Het overspelige gras
Louis Ferron
Zelden zo’n naargeestige, treurigstemmende maar wel mooie roman gelezen.
Het draait om een adelijke familie in de Achterhoek.
De jongte telg, Eduard van Lookeren, is het personage waar het in dit verhaal om draait. We maken kennis met hem als hij al oud is en in het koetshuis woont van het voormalige Achterhoekse Landgoed Enghuizen ooit bezit van de familie.
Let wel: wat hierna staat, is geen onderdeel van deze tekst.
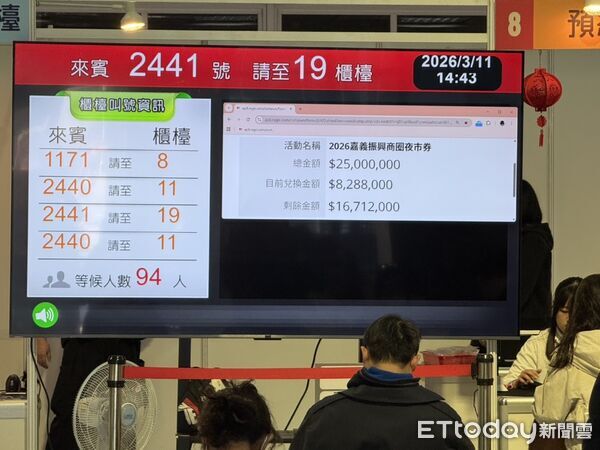 ▲▼從「凌晨排隊」到「椅子比人多」 嘉義市千萬振興券兌換熱度驟降  。（圖／記者翁伊森攝）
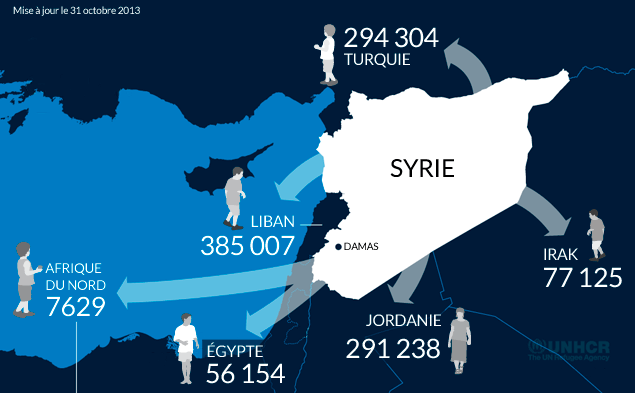 les enfants refugies syriens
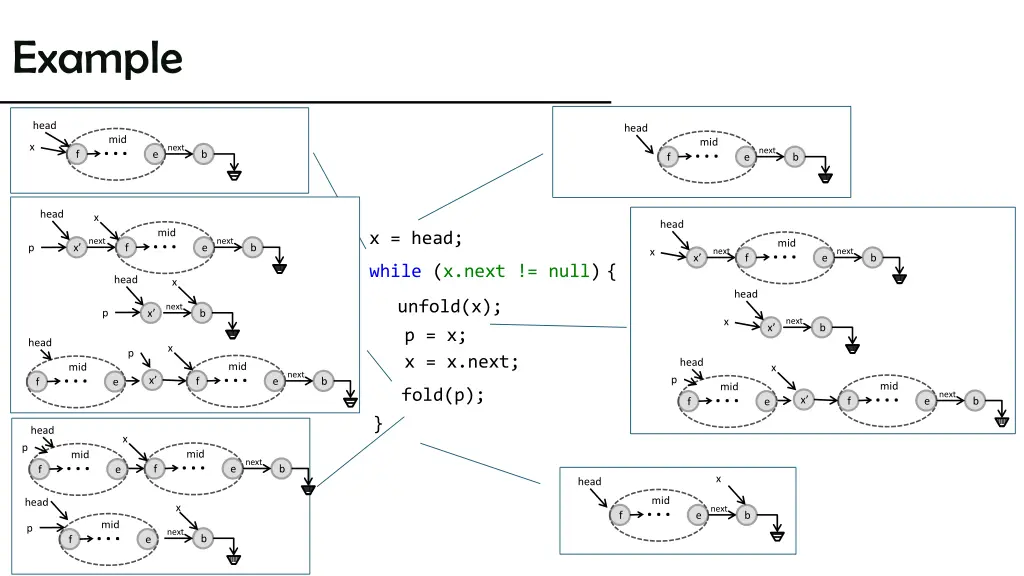example 6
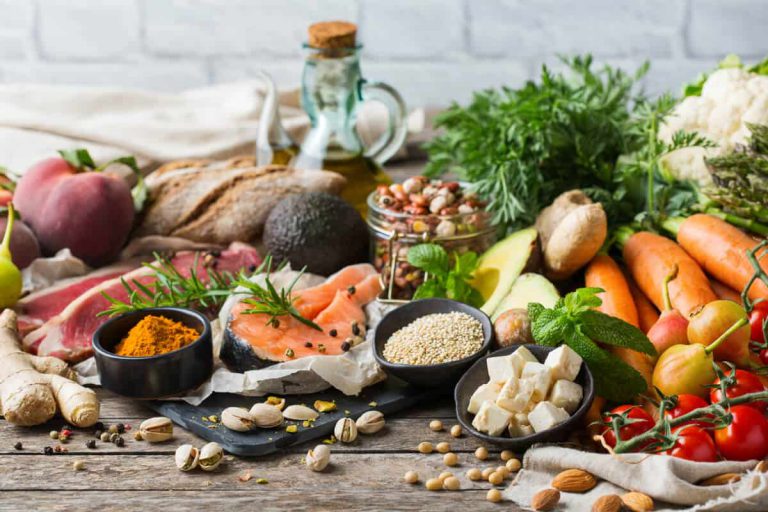 research update: dietary modification in the treatment of schizophrenia spectrum disorders: a systematic review blog post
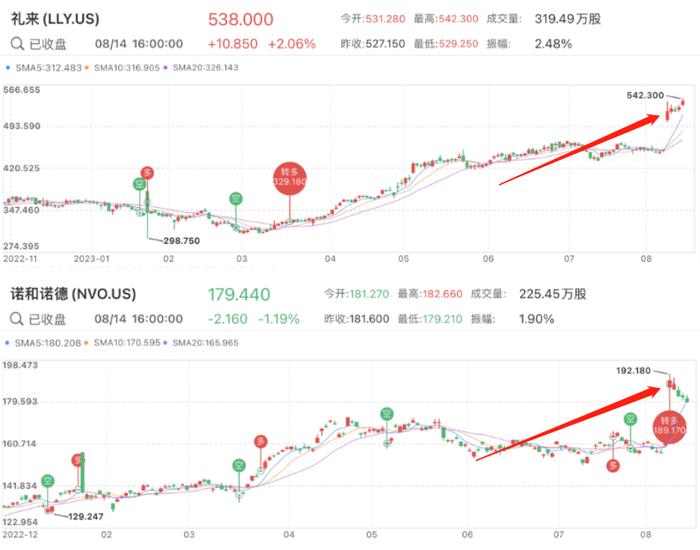 13F追踪：【老虎环球】建仓“减肥神药”诺和诺德、礼来！押注全球资管巨头阿波罗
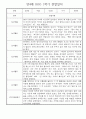 만4세 1년 관찰일지 및 발달평가 30명 60Page (놀이,일상 관찰일지) 21페이지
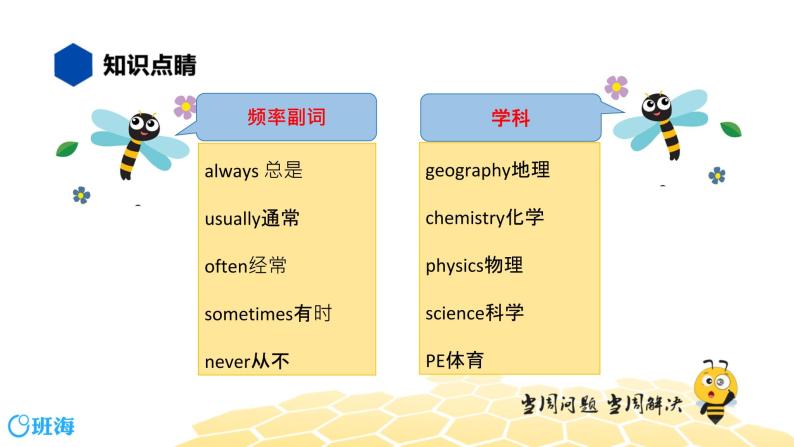 英语六年级【知识精讲】2.单词、词组(3)单词、词组分类及辨析课件PPT04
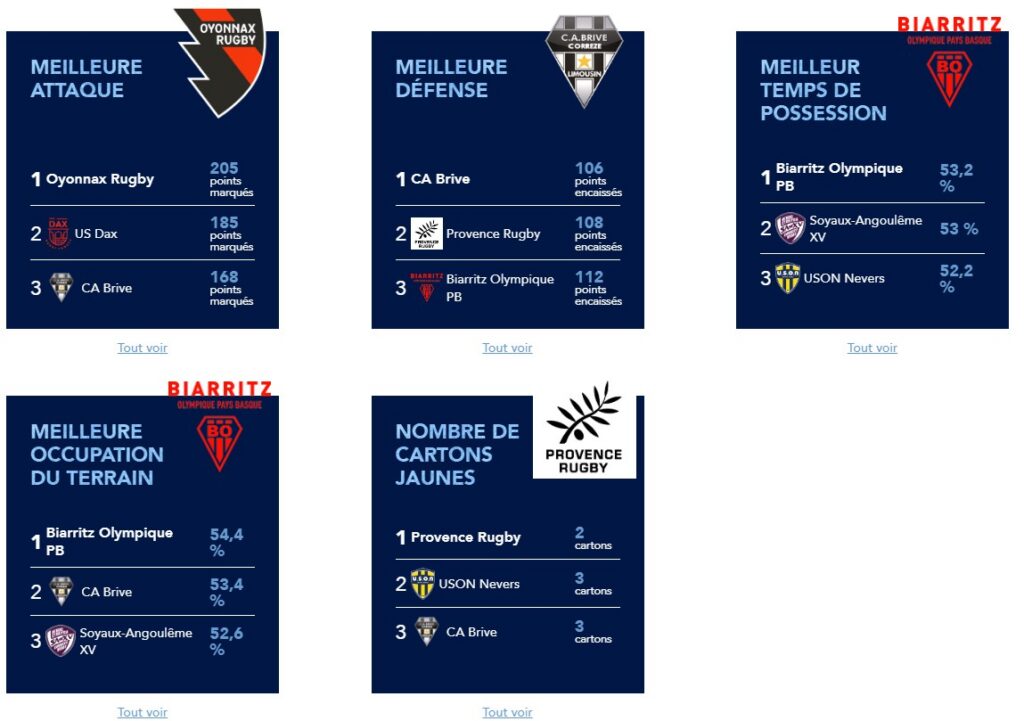 Rugby - Pro D2 - Séduisant mais en retard sur le plan comptable, Aurillac doit prendre des points contre Biarritz vendredi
Eduard is 'grootgebracht' door Jacob, de knecht die al diende onder zijn grootvader. Jacob blijkt een crusiale rol in de drie generaties Van Lookeren te spelen. Grootvader Eduard I is jong gestorven doordat hij onder een boom kwam die gerooid werd door Jacob, Eduard II is als jong kind getuige van dit ongeluk.
De eerste daad die hij stelt als opvolger is Jacob weer aannemen...
Eduard II huwt Agathe Bramentloo, een verstandshuwelijk. Hij heeft geld, zij is van een degelijk adelijk geslacht. Ze krijgen een dochter en een zoon, Eduard III.
Aanvankelijk groeit Eduard op als vriendelijke, zij stille, jongen. Hij speelt met de 'boerenkinkels' en Jacob leert hem alles over de natuur en het landgoed, wat hem goed van pas zal komen als hij de taak van zijn vader overneemt, denkt hij...
Zelden komt de familie buiten de streek, aan de andere kant van de rivier wonen de Hollanders. De enige keren dat grootvader en vader wél de streek verlieten is in hun studietijd. Ook Eduard III studeert, maar De Tweede Wereldoorlog breekt uit. Dit is aanvankelijk nauwelijks van invloed op de familie. Zij zijn verheven boven het 'gewone' volk, hebben eten genoeg en de bombardementen zijn ver van hun bed...
In het huis van Eduards oom worden Duitse gewonde militairen ondergebracht. Zo ook Eilov, Freiherr von Tresckow. Deze Tresckow verandert het hele leven van Eduard.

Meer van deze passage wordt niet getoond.